UH students are pushing to create a healthier environment for the next generation of children.

Students have added momentum to nonprofit group Corporate Accountability International’s campaign, called “Value [the] Meal,” to stop Texas Children’s Hospital from renewing its contract with McDonald’s.

The Value [the] Meal campaign’s goal is to end junk food marketing aimed at children. The group’s ultimate goal is to end McDonald’s’ contract with Texas Children’s Hospital and Ben Taub Hospital.
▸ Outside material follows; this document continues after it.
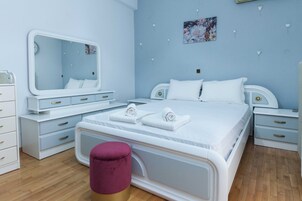 Un dormitorio con cama, tocador con espejo, mesita de noche y un taburete pequeño.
“University of Houston students are integral in building the movement to challenge corporate abuse (and) to call out McDonald’s on its targeted marketing directed at children that many of us experienced growing up,” said anthropology senior Victoria Estes, one of three UH students interning with the Value [the] Meal campaign.

The three interns, Estes, sociology junior Claire McCown and business management senior J’Lynn Cravanas-Sasser, have varying roles with the campaign, ranging from grassroots tactics to volunteer recruiting and media outreach. All work toward the goal of ending the presence of junk food marketing in kid-friendly environments.

“This campaign organizes to end aggressive junk food marketing to children in trusted places such as schools and hospitals,” Estes said. “With cases of Type 2 diabetes having tripled in the past 30 years, it just doesn’t make sense to have our leading health institutions promoting the world’s most recognized junk food brand.”

McCown worked with volunteers to acquire over 1,000 petitions.

“I also built relationships with several volunteers and organizations throughout the campaign to build community support,” McCown said. “This campaign is incredibly important because our food system is broken. It’s making people sick and refusing communities the nutrients they need.”

Students aren’t just signing petitions. They are also getting actively involved in the campaign.

“UH volunteers have provided much of the support we’ve needed with various tactics on the campaign,” McCown said. “From petitions to generating phone calls to training community members, UH students and Houstonians have contributed greatly.”

Even though the campaign’s main goal is to convince Texas Children’s and Ben Taub to remove McDonald’s from their premises, it also hopes to have a long lasting impact on the youth of the community.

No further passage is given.